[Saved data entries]
---

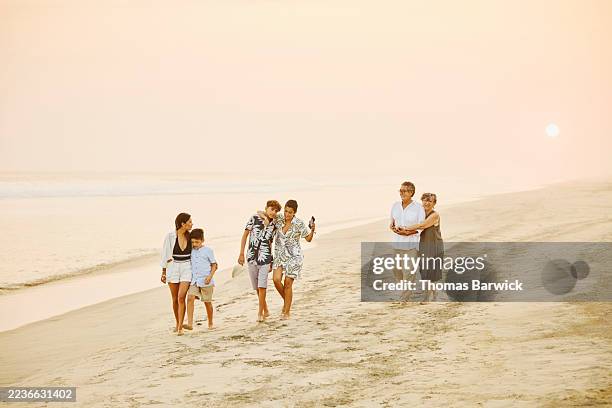 wide shot multigenerational family enjoying walk on beach at sunset - plano geral imagens e fotografias de stock
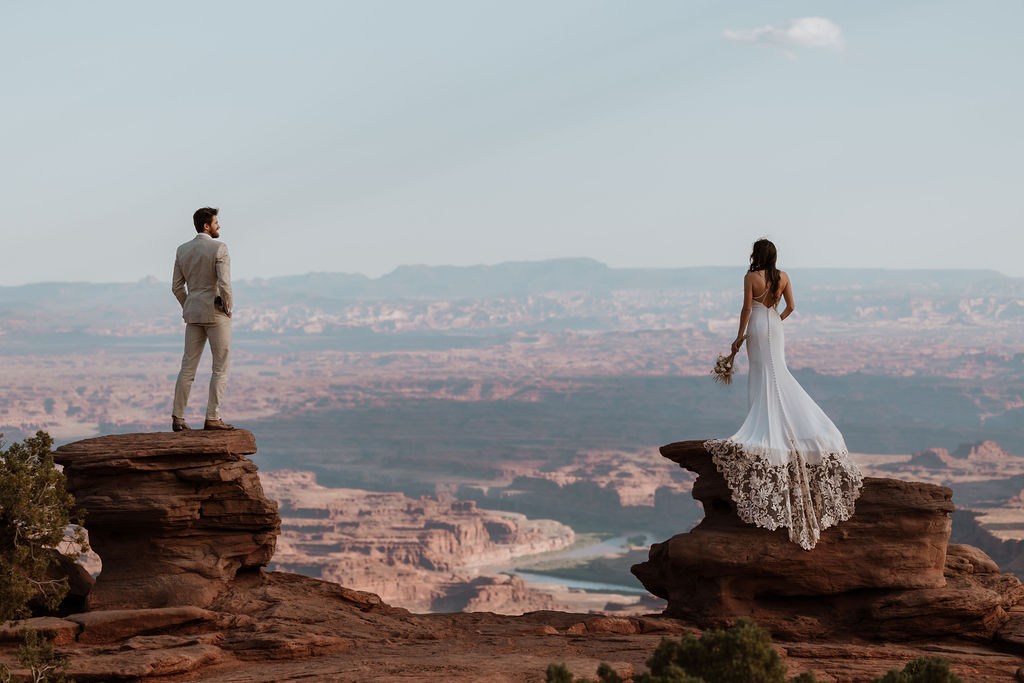 couple stands on rocks at Moab elopement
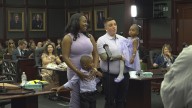 Siblings reunited as 18 children finalize adoptions at Duval County Courthouse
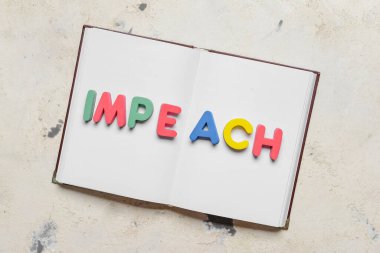 Işık arkaplanı üzerine kitap ve kelime IMPEACH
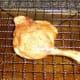 Roast duck leg removed from the oven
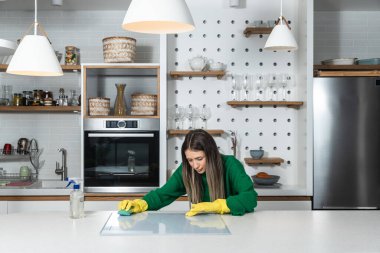 Genç ev sahibi kiraya verdiği daire için büyük bir temizlik yapıyor. Kiraladığı yeni kiracıların temizlenmesi için. Genç kız ya da kadın mutfağı ovuyor..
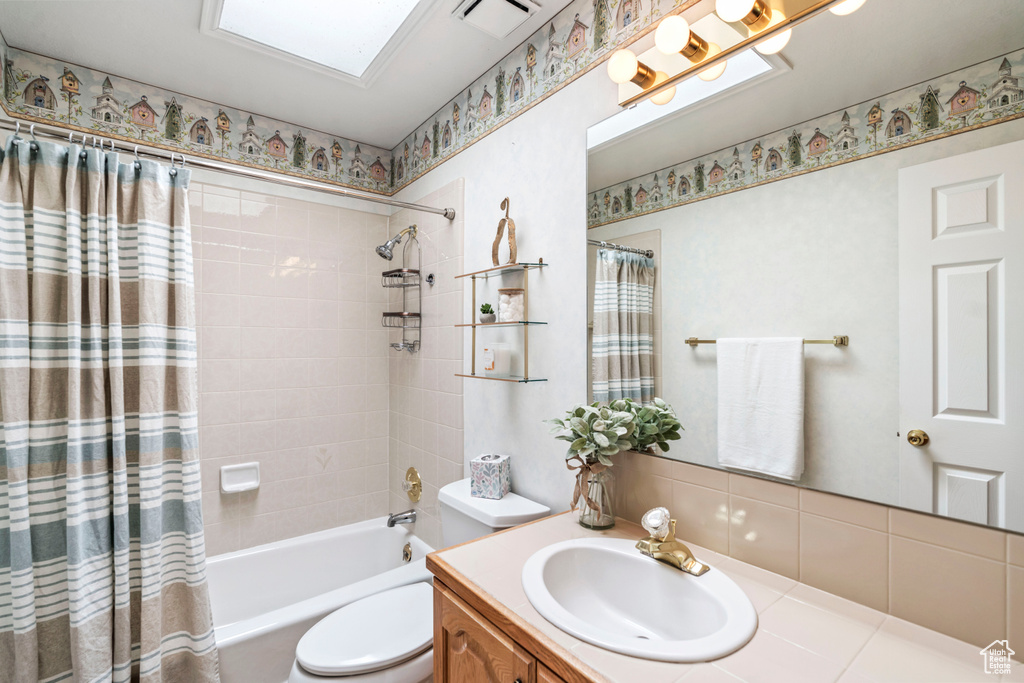 Bathroom with toilet, shower / bath combo, and vanity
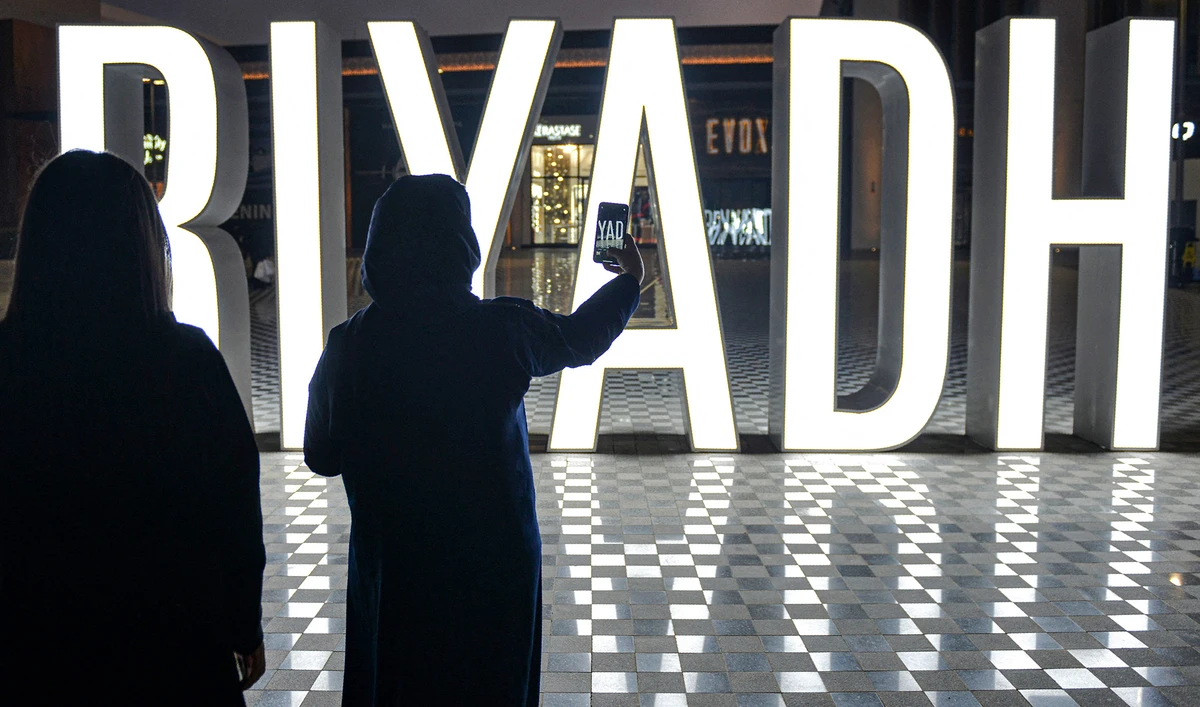A woman uses her phone to take a picture of a lit "I LOVE RIYADH" sign at a shopping centre in Saudi Arabia's capital Riyadh on October 31, 2020. (AFP/ File)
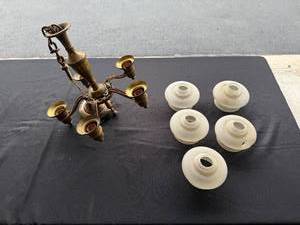 lot 29 image: Vintage 1936 Five Arm Brass Chandelier with Frosted Glass Shades - one globe has a hole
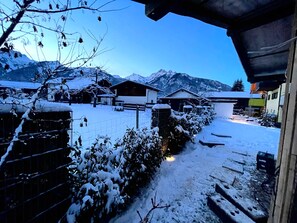 A snow-covered village with houses, a path, and mountains in the background.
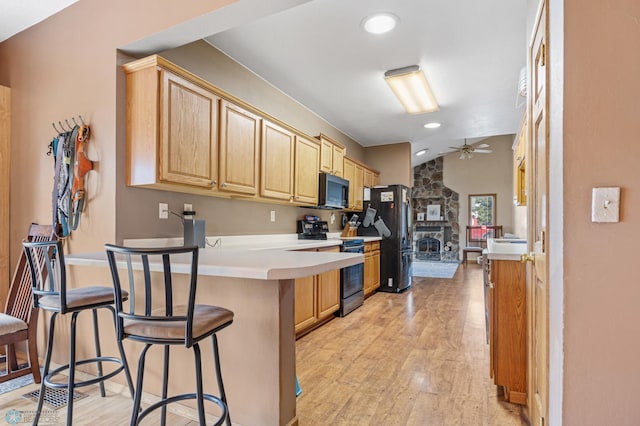 362 5th Ave N, Casselton, ND 58012 - kitchen featuring electric range, freestanding refrigerator, black microwave, a peninsula, and light wood finished floors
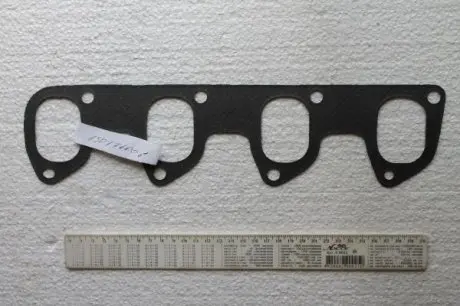 Прокладка коллектора in (паронит) 1.8td AJUSA 13077600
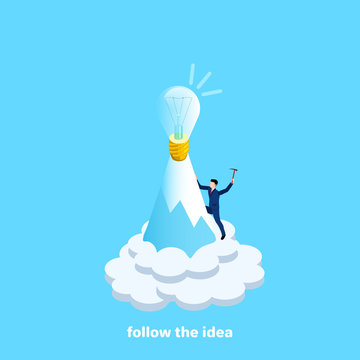 a man in a business suit rises to the top of the mountain for a bulb symbolizing the idea, an isometric image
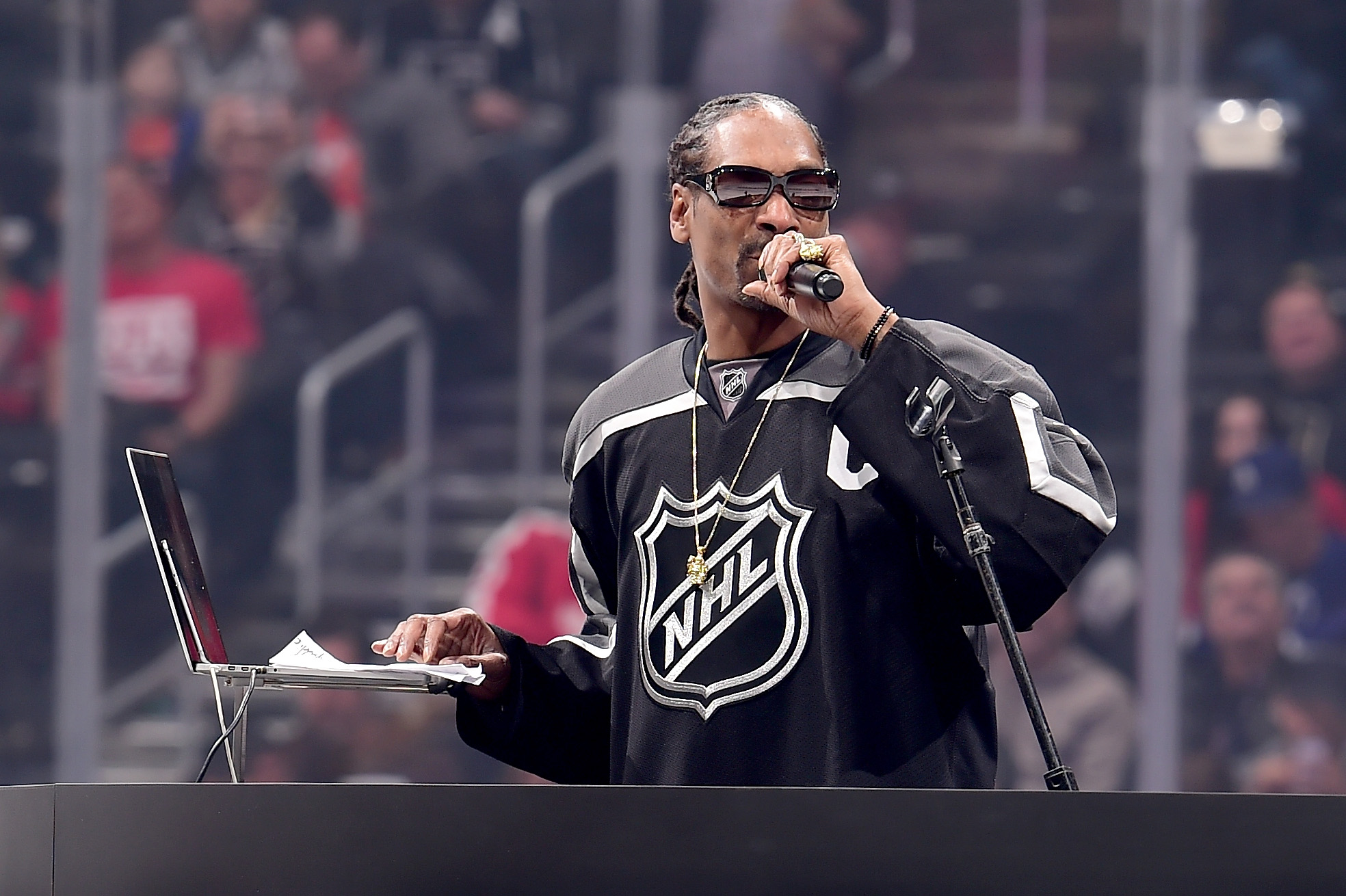 Snoop Dogg shows his hosting skills at the NHL All-Star Skills Competition on January 28, 2017 in Los Angeles, California.  (Photo by Harry How/Getty Images)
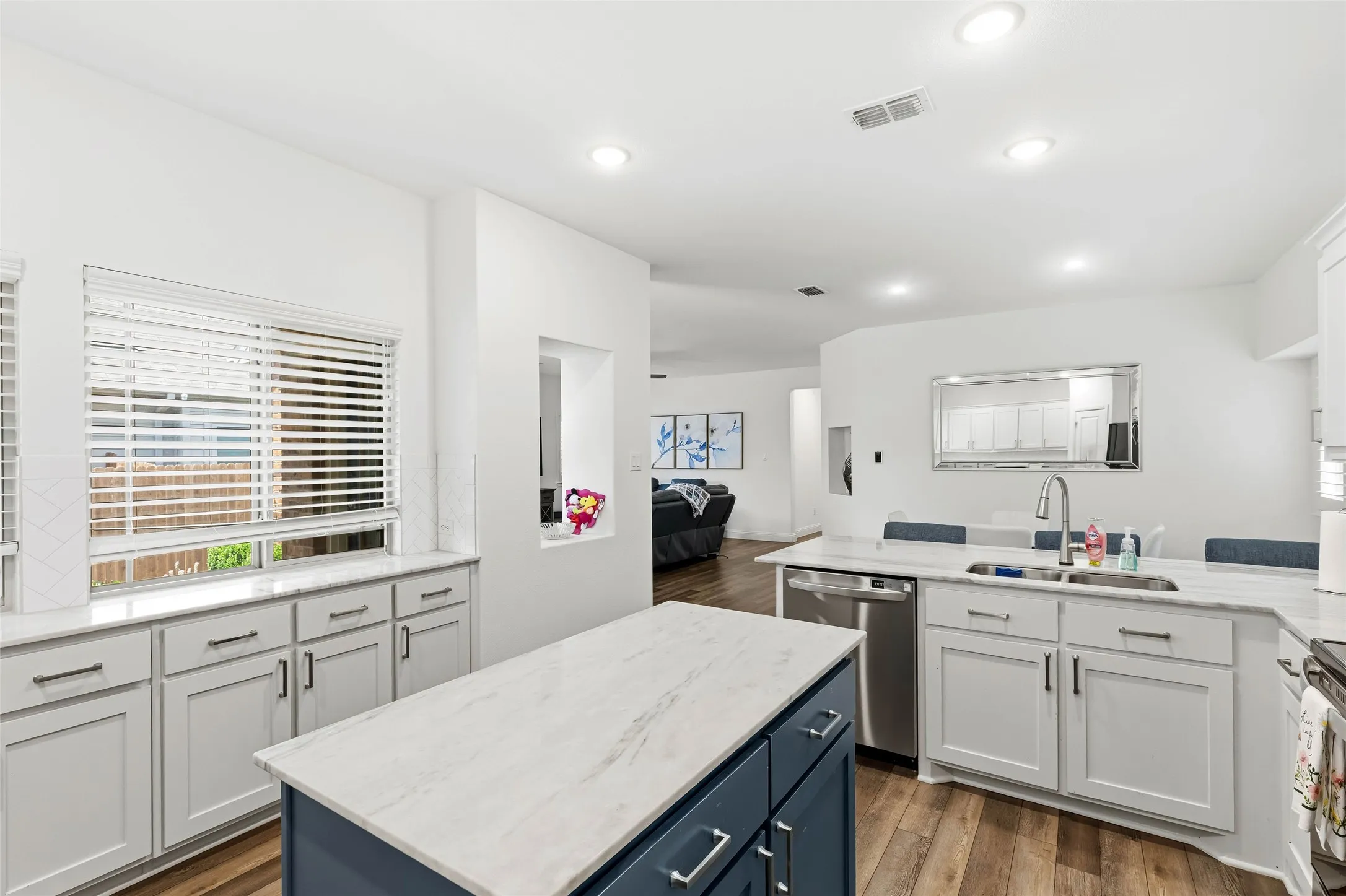 Bright kitchen featuring white cabinetry, light countertops, a central island with dark blue cabinetry, stainless steel appliances, and wood-finish flooring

---

### YOUR TASK
Drop the pictures; return the lines above from the line containing "A snow-covered village" to the line containing "Snoop Dogg shows", both included, exactly.

### SOLUTION TO THIS PROBLEM
 A snow-covered village with houses, a path, and mountains in the background.
 362 5th Ave N, Casselton, ND 58012 - kitchen featuring electric range, freestanding refrigerator, black microwave, a peninsula, and light wood finished floors
 Прокладка коллектора in (паронит) 1.8td AJUSA 13077600
 a man in a business suit rises to the top of the mountain for a bulb symbolizing the idea, an isometric image
 Snoop Dogg shows his hosting skills at the NHL All-Star Skills Competition on January 28, 2017 in Los Angeles, California.  (Photo by Harry How/Getty Images)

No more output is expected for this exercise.